* **ACTIVITY**
Extract the whole listing as it stands. Do not include the pictures.

* **DATA BLOCK**

▽

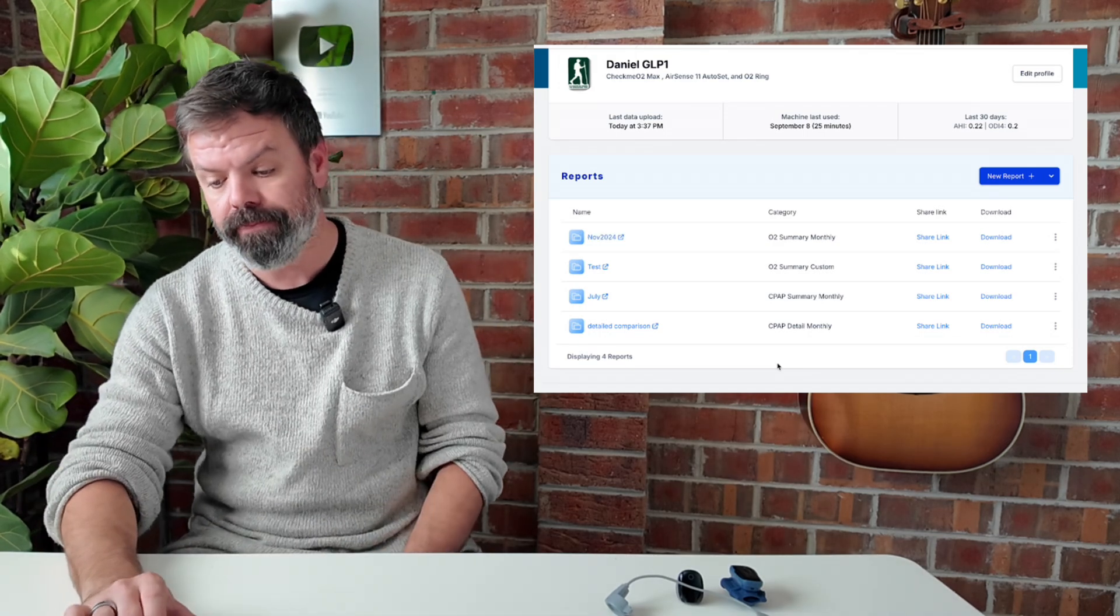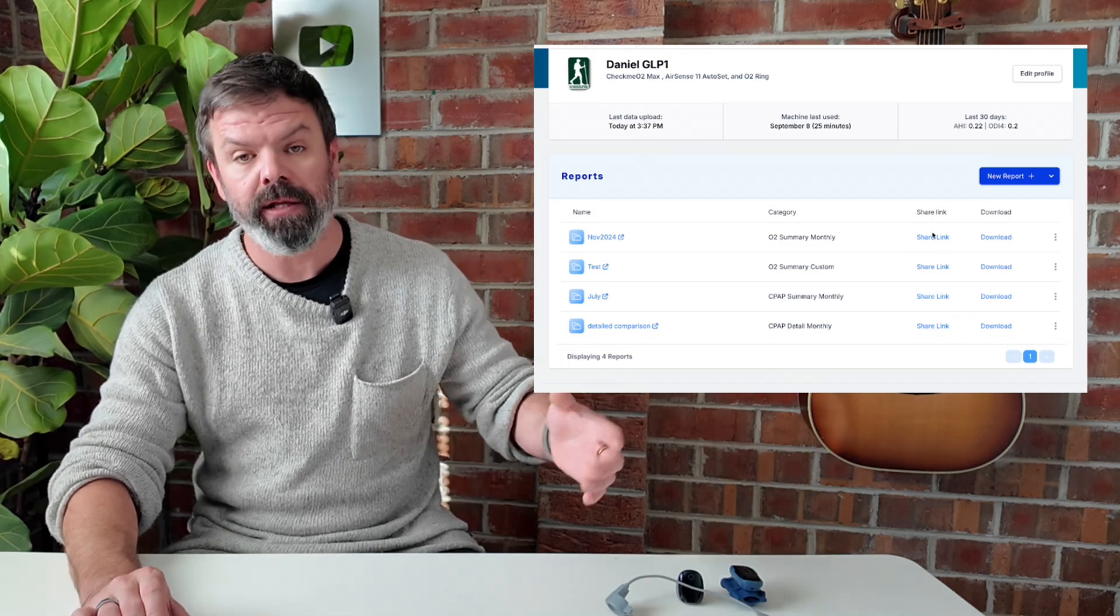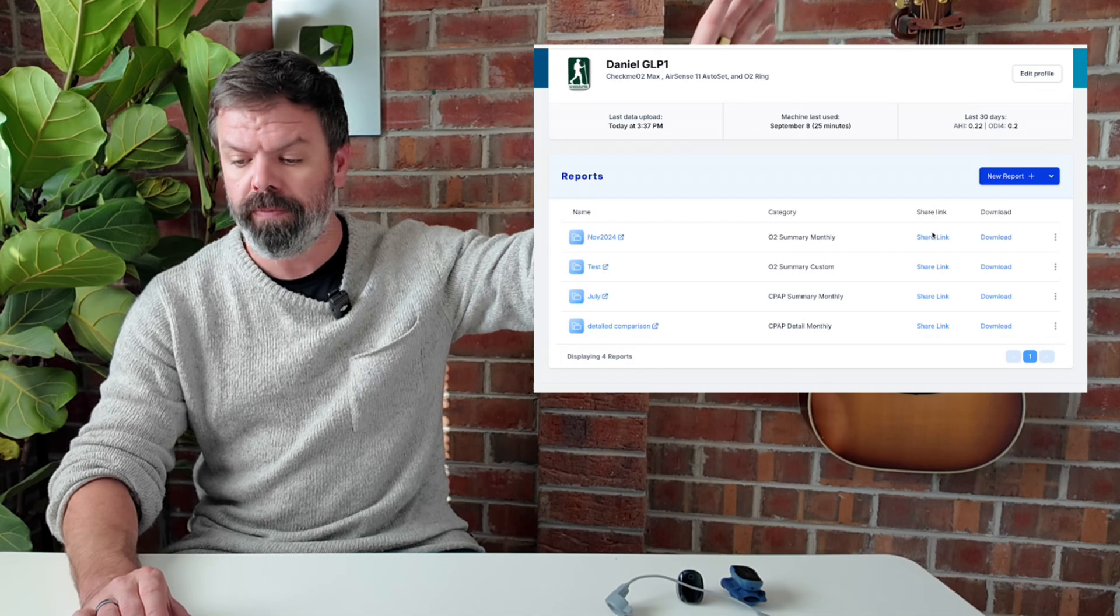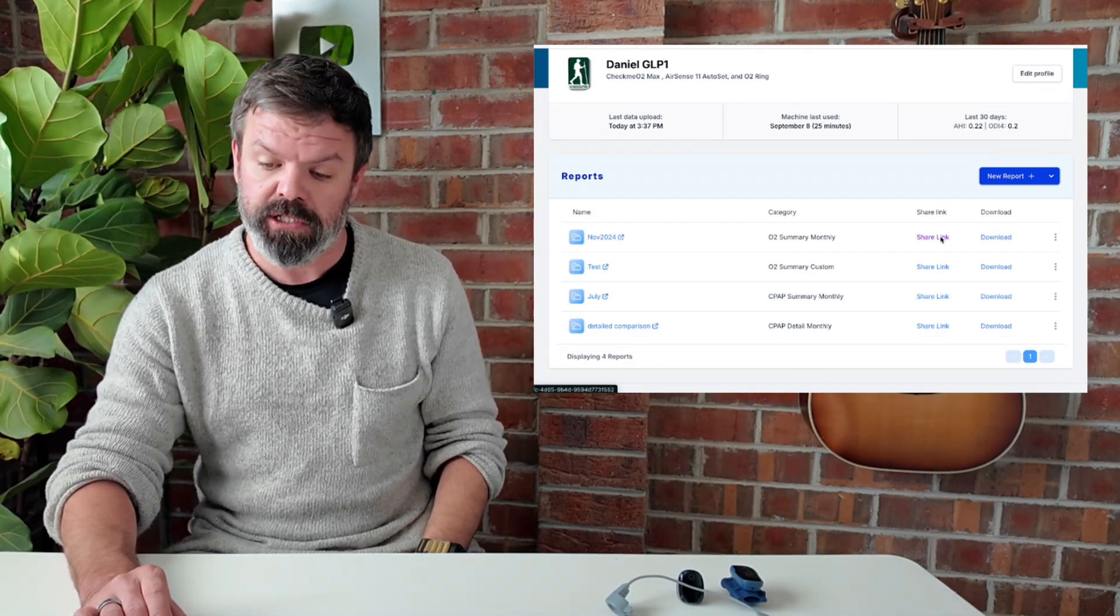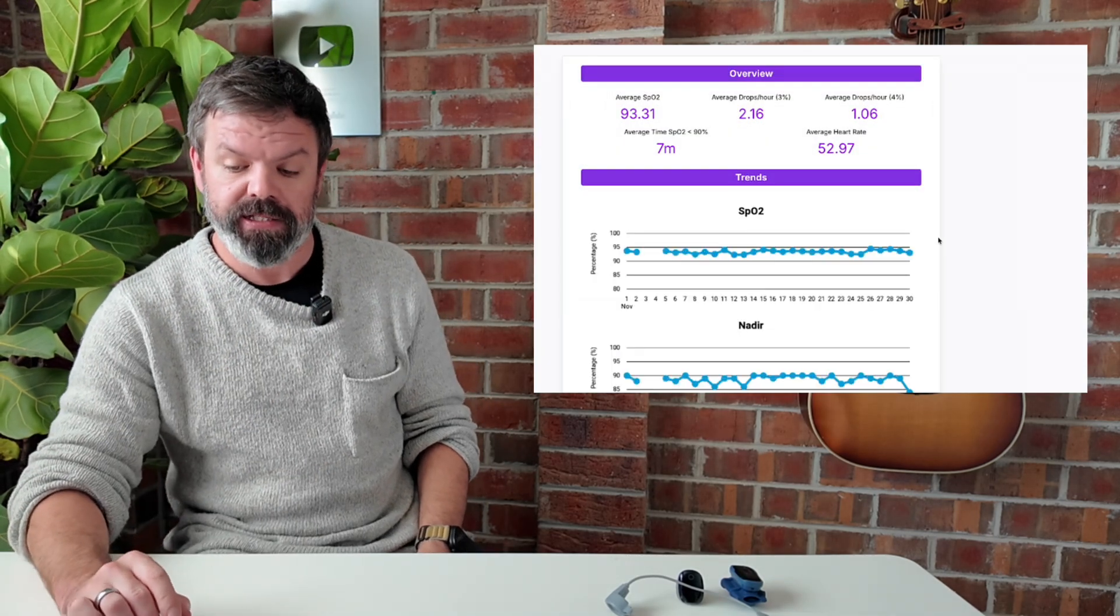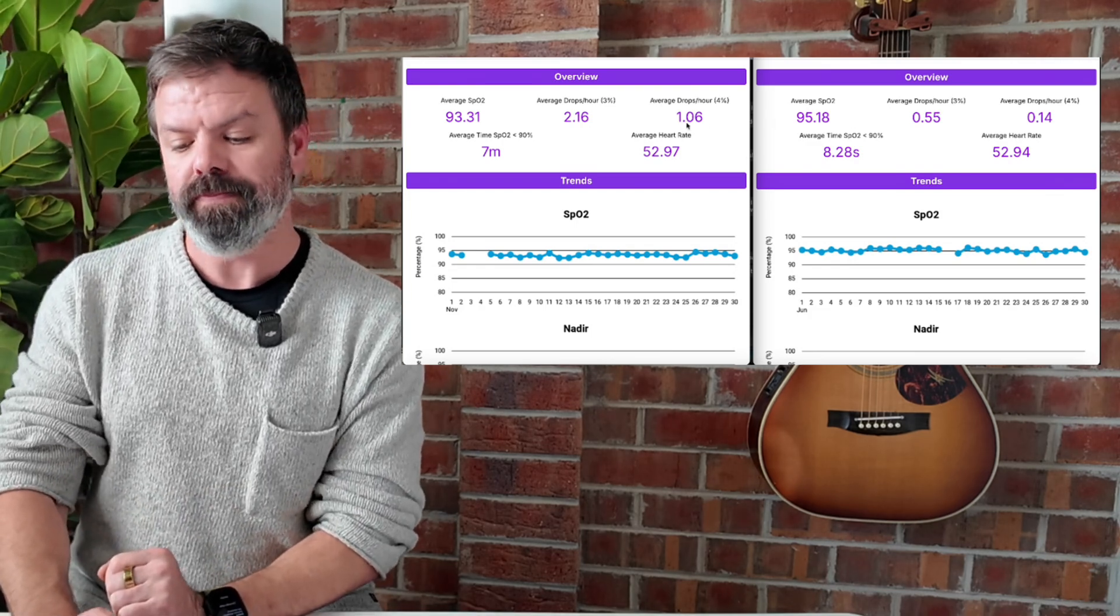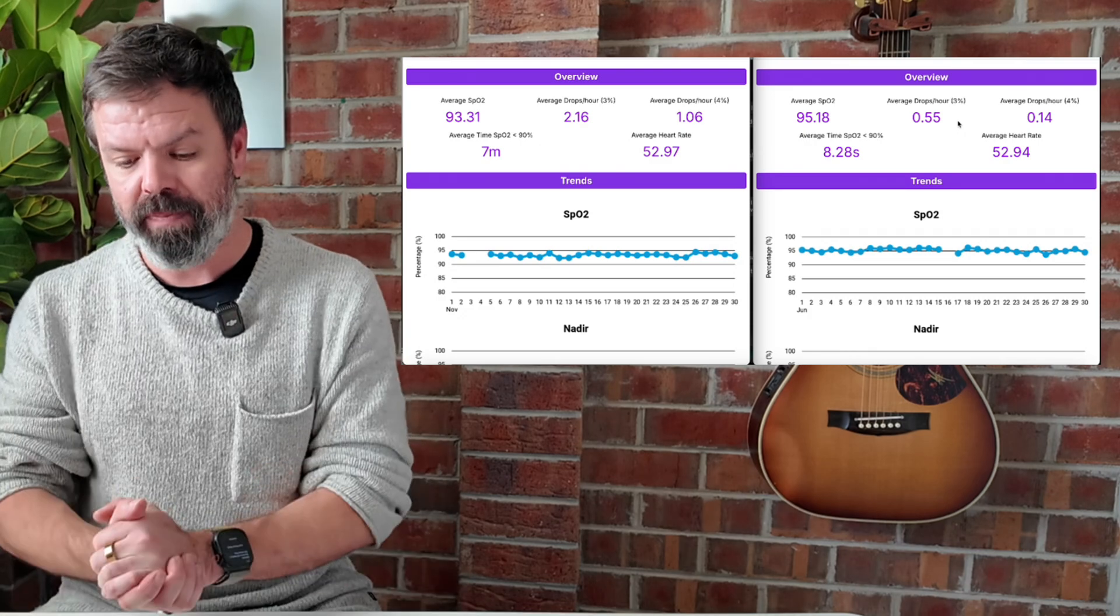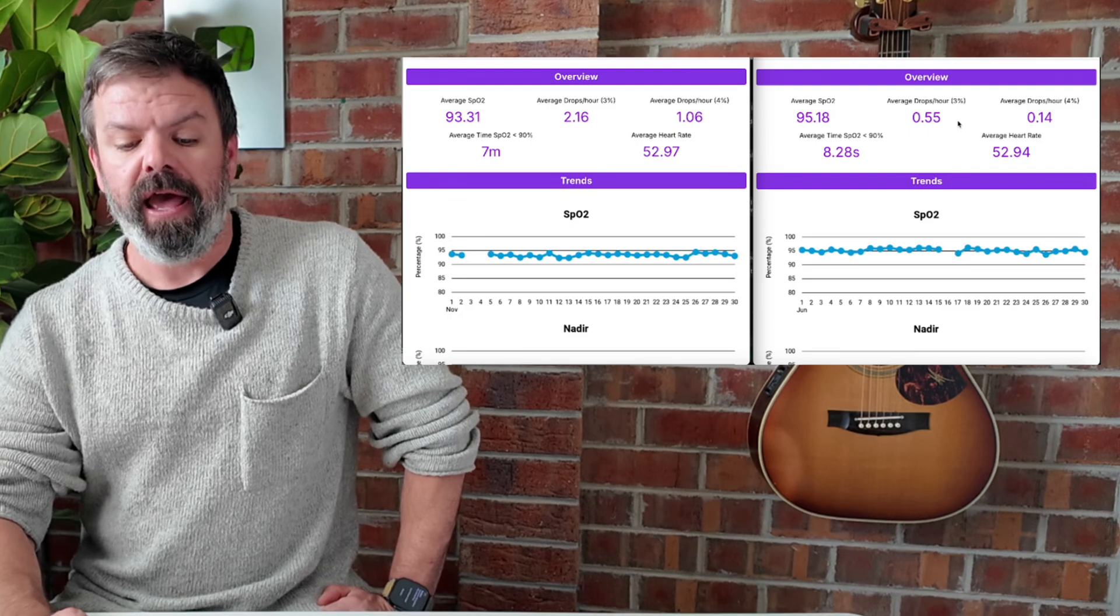There we go, it's done. So we've got two options here. We have a share link. This is an anonymous share link that you can paste in a browser anywhere, put it on a forum, you're good to go. Or we can download a PDF. So we'll just click the share link here. And here's the new report. So here we go. November 2024 versus June 2025. Let's compare the results. He's lost a lot of weight and it's looking really nice.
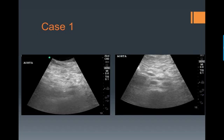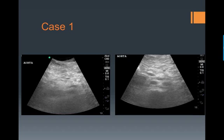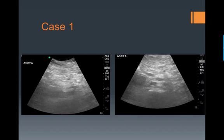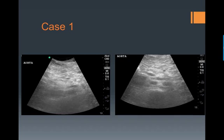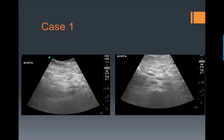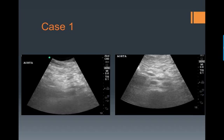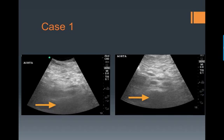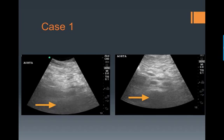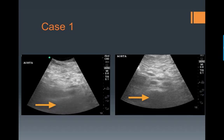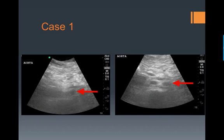Here's the ultrasound of this patient. It can be kind of difficult to identify the aorta on this ultrasound — this is pretty common. So again, first locate your vertebral body, and then you can begin to see your aorta to the right just above the vertebral body.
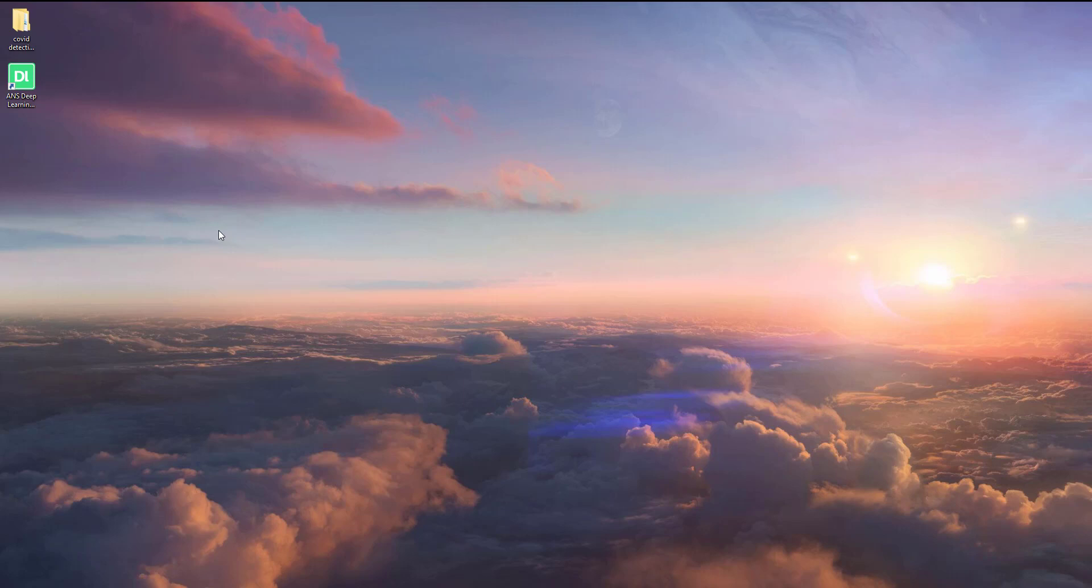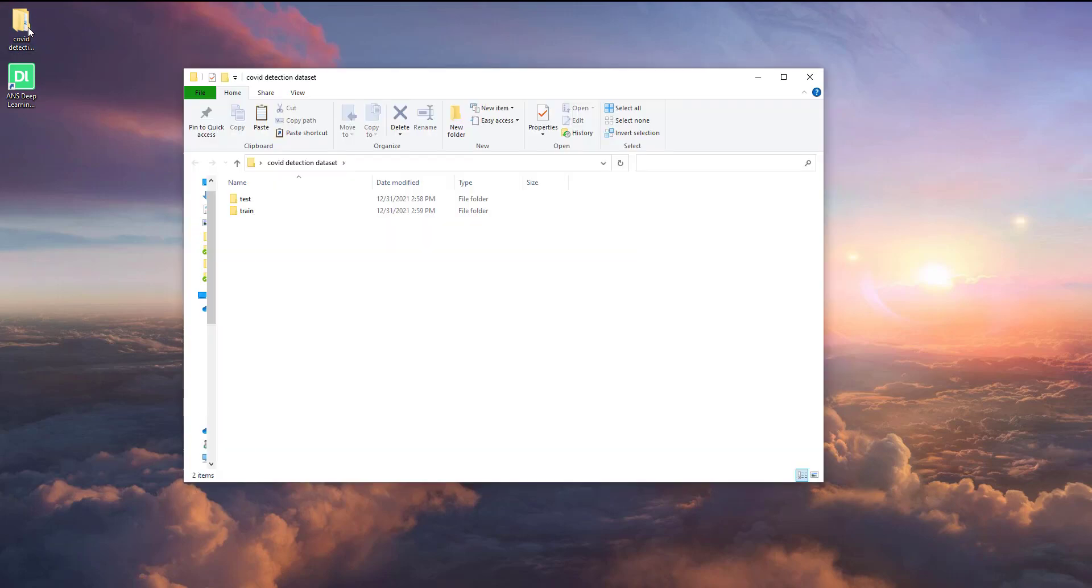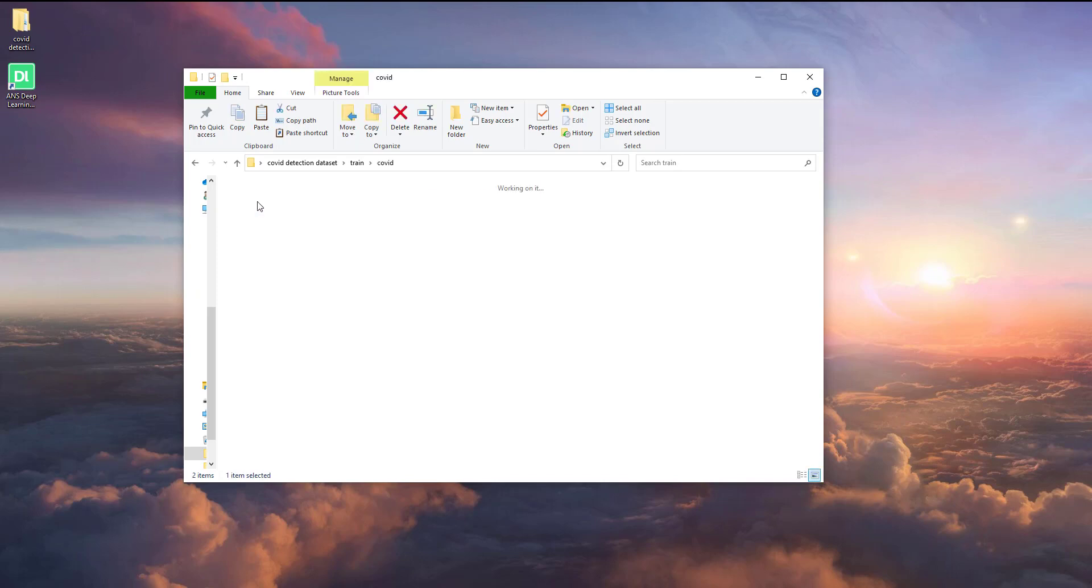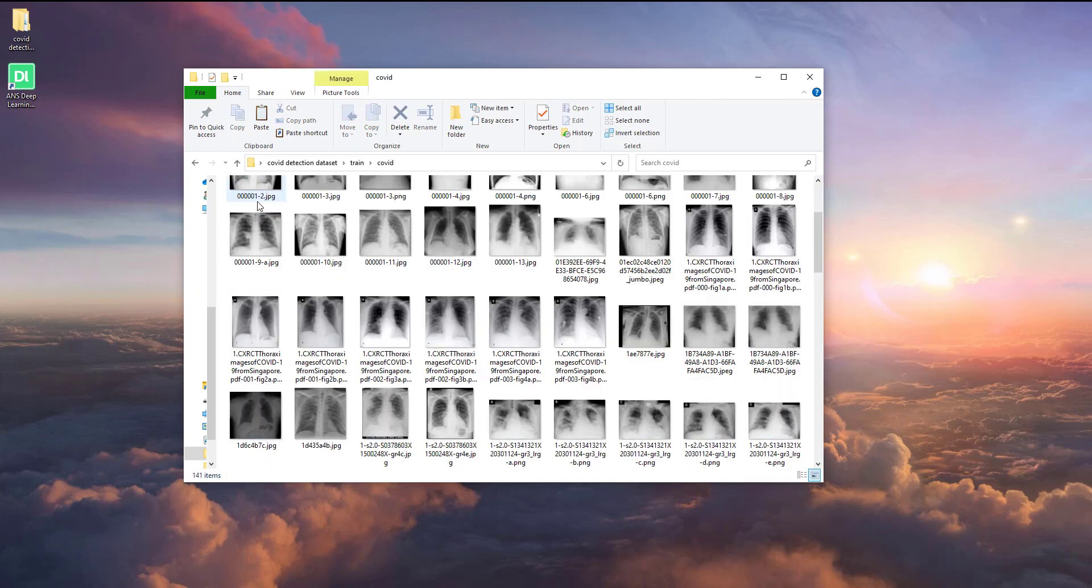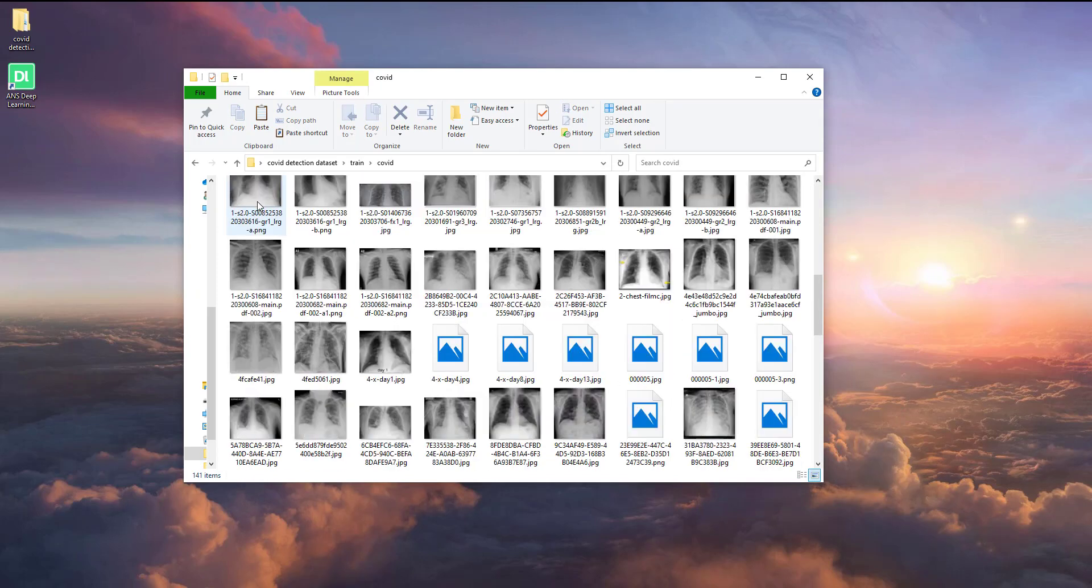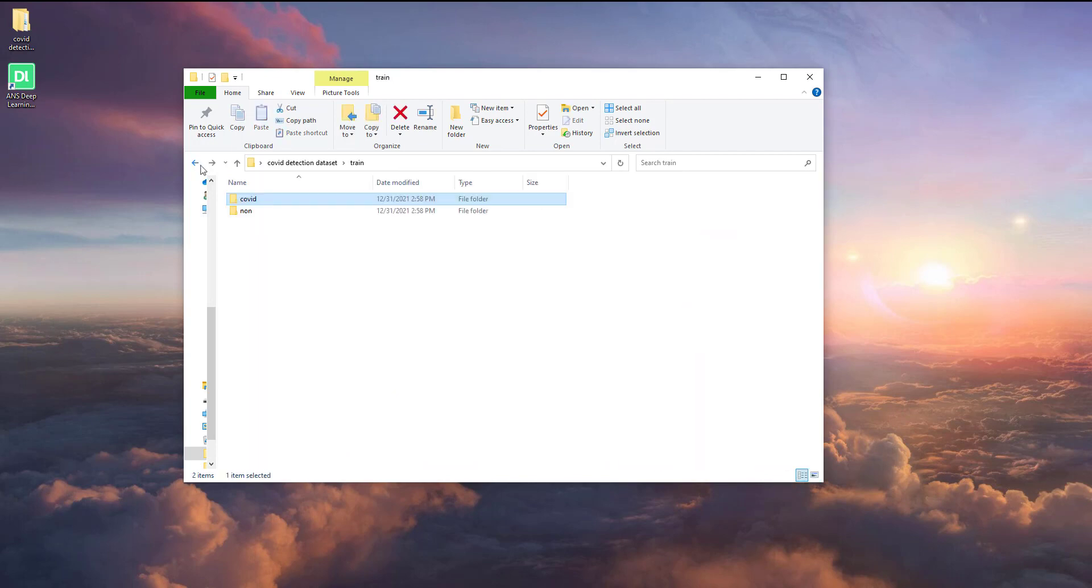First, we'll need DL Hub software installed on your PC and a training dataset. The training dataset includes two folders named COVID and non. Each folder contains many categorized chest X-ray images with COVID and non-COVID symptoms.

△

* **RESULT OF THE EXERCISE**
There we go, it's done. So we've got two options here. We have a share link. This is an anonymous share link that you can paste in a browser anywhere, put it on a forum, you're good to go. Or we can download a PDF. So we'll just click the share link here. And here's the new report. So here we go. November 2024 versus June 2025. Let's compare the results. He's lost a lot of weight and it's looking really nice.
Here's the ultrasound of this patient. It can be kind of difficult to identify the aorta on this ultrasound — this is pretty common. So again, first locate your vertebral body, and then you can begin to see your aorta to the right just above the vertebral body.
First, we'll need DL Hub software installed on your PC and a training dataset. The training dataset includes two folders named COVID and non. Each folder contains many categorized chest X-ray images with COVID and non-COVID symptoms.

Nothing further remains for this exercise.